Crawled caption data
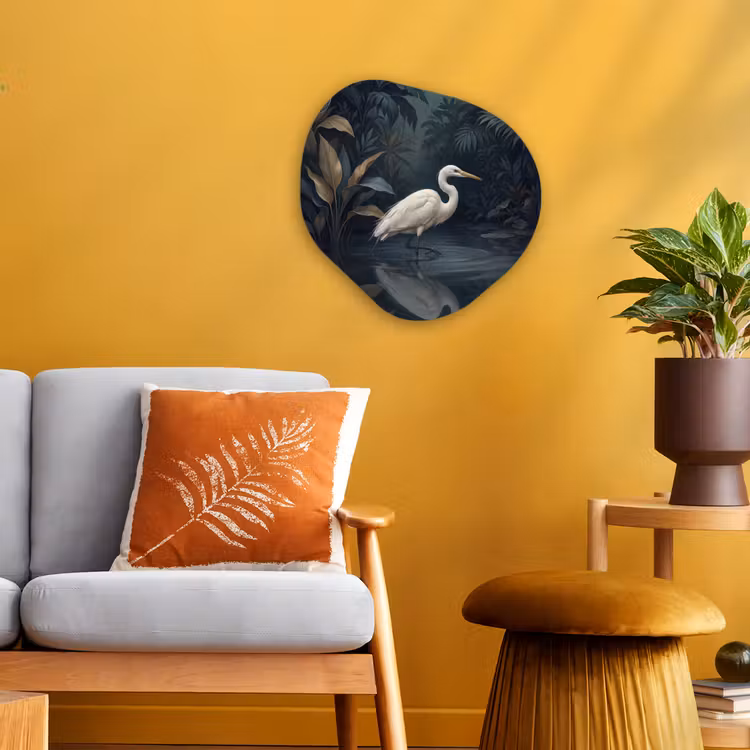 Organisch schilderij - Forex - Reiger - Water - Natuur - Modern - Wit — 3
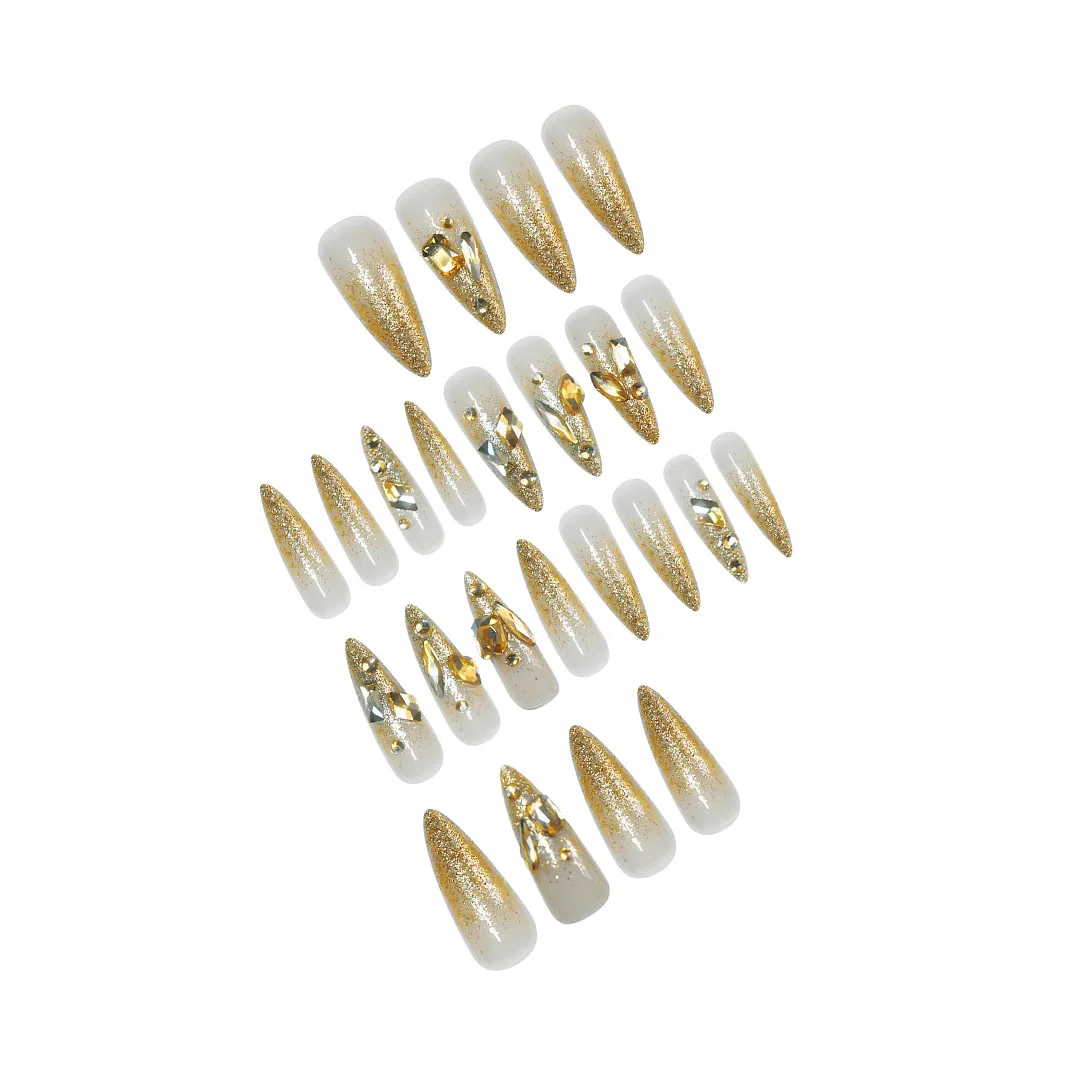 Almond Shaped Nail Tips with Sparkling Glitter Dust Reflective Glossy Wearable False Nails for Special Occasions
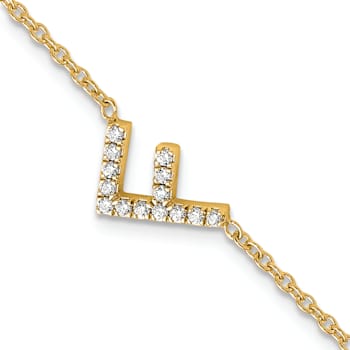 14k Yellow Gold Diamond Sideways Letter F Bracelet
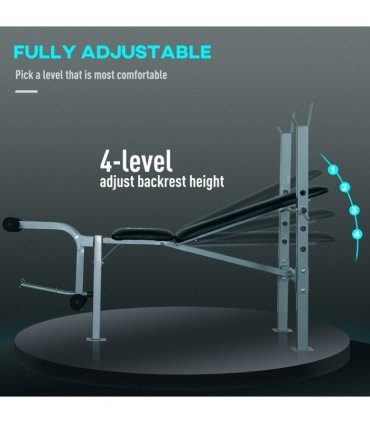 Adjustable Multi Gym Weight Bench Barbell Stand Chest Leg Abs Training HOMCOM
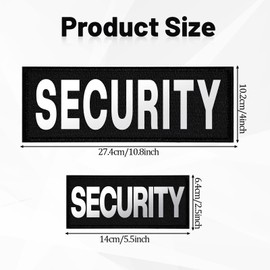Security Patch, 2 Pcs Reflective Security Hook and Loop Patch for Vest Printed Letters Embroidery Patches for Officer Guard Custom Uniforms Vest, Jacket, Carrier, Bag, Hat (Black, 1 Small and 1 Large)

## Task objective
Nothing but an exact copy of the data above, minus its pictures, should appear in the response.

## Solution to this task
 Organisch schilderij - Forex - Reiger - Water - Natuur - Modern - Wit — 3
 Almond Shaped Nail Tips with Sparkling Glitter Dust Reflective Glossy Wearable False Nails for Special Occasions
 14k Yellow Gold Diamond Sideways Letter F Bracelet
 Adjustable Multi Gym Weight Bench Barbell Stand Chest Leg Abs Training HOMCOM
Security Patch, 2 Pcs Reflective Security Hook and Loop Patch for Vest Printed Letters Embroidery Patches for Officer Guard Custom Uniforms Vest, Jacket, Carrier, Bag, Hat (Black, 1 Small and 1 Large)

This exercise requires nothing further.